* **Exercise brief**
From the entries below, reproduce exactly the lines from the one with "Как спланировать первое" through the one with "Refurbished Turbocharger 079145722A", both included, without images.

* **The records**
BEGIN

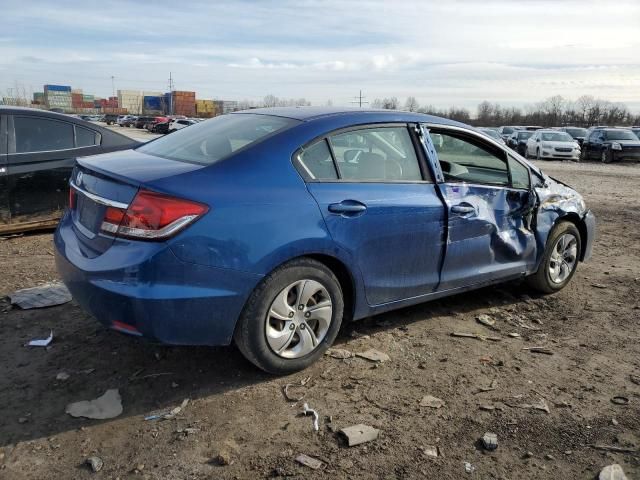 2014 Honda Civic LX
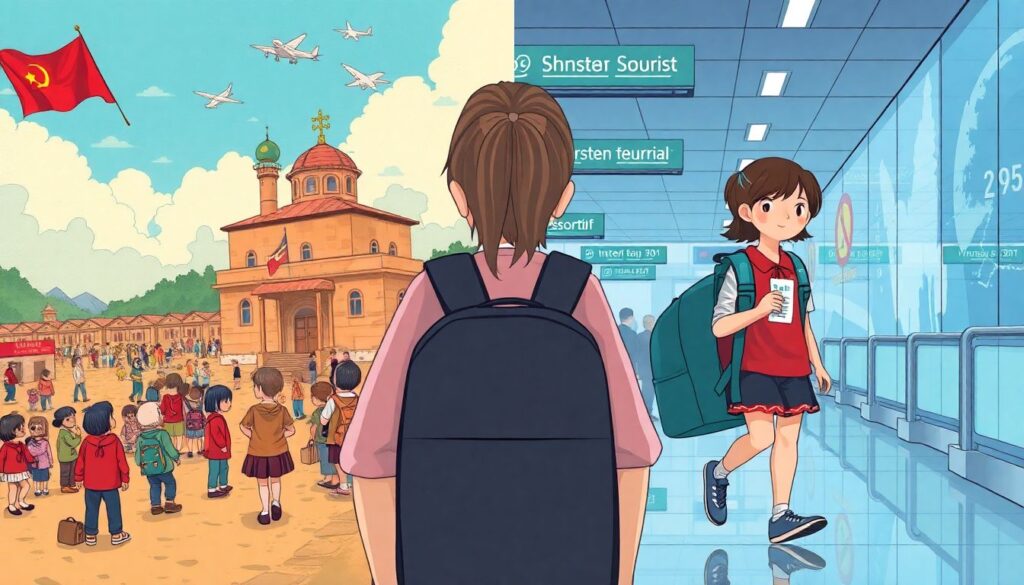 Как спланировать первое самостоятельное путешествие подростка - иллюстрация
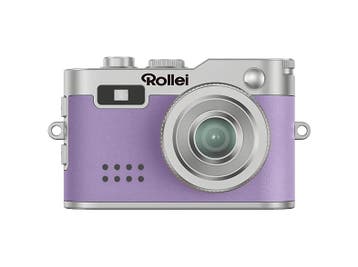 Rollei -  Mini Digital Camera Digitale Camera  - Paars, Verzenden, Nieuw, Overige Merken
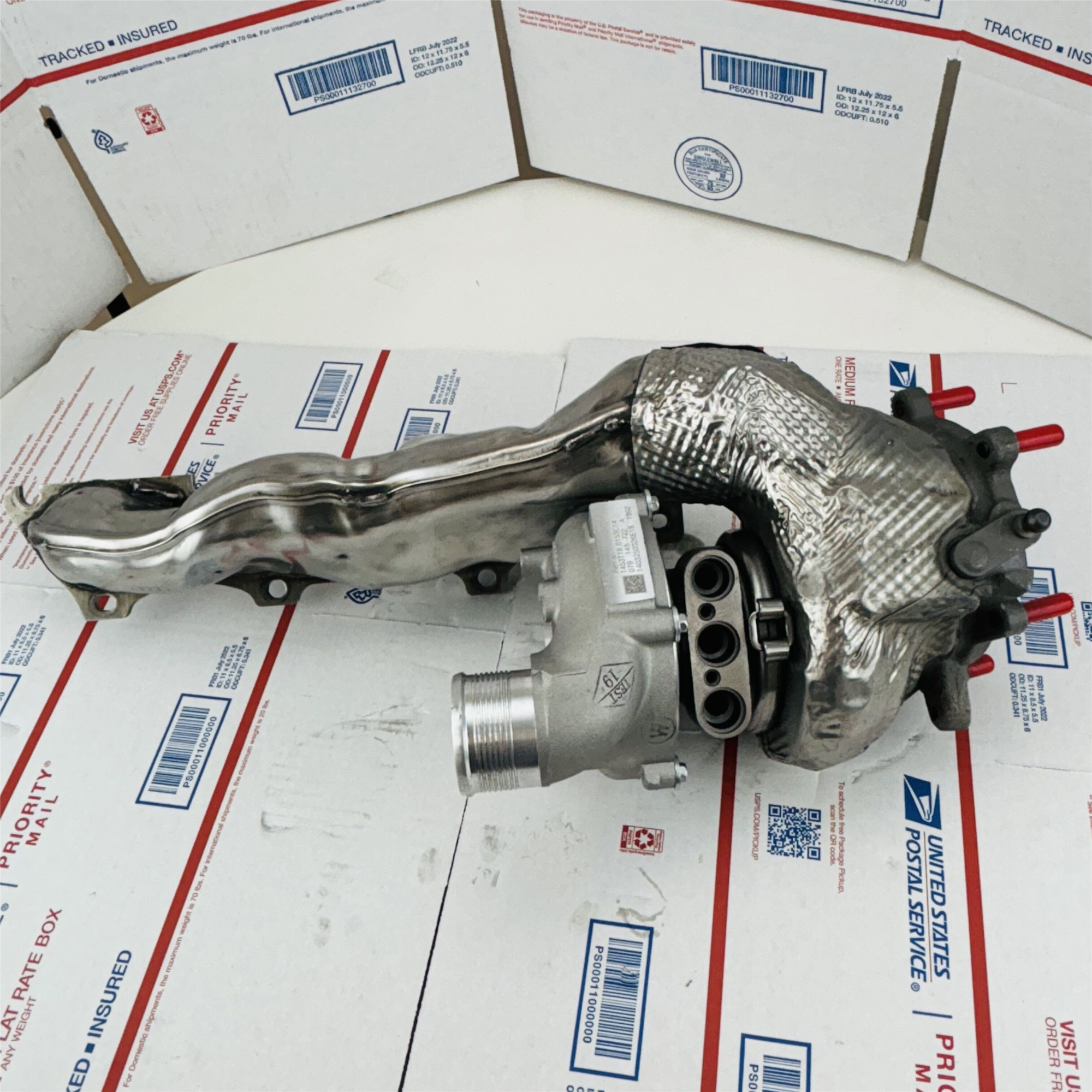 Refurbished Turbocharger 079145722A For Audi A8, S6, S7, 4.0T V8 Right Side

END
BEGIN

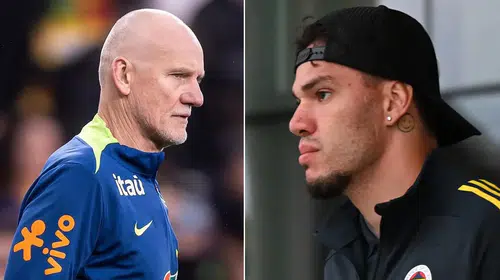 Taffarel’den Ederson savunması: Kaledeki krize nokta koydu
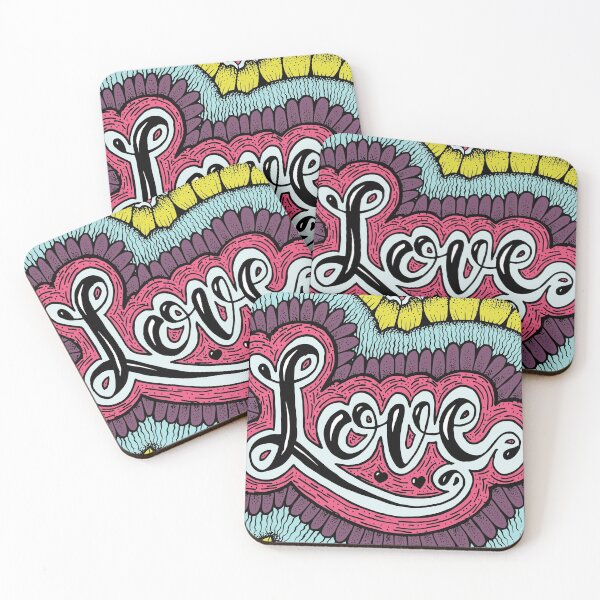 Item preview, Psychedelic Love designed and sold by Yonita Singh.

END

* **Exercise response**
 Как спланировать первое самостоятельное путешествие подростка - иллюстрация
 Rollei -  Mini Digital Camera Digitale Camera  - Paars, Verzenden, Nieuw, Overige Merken
 Refurbished Turbocharger 079145722A For Audi A8, S6, S7, 4.0T V8 Right Side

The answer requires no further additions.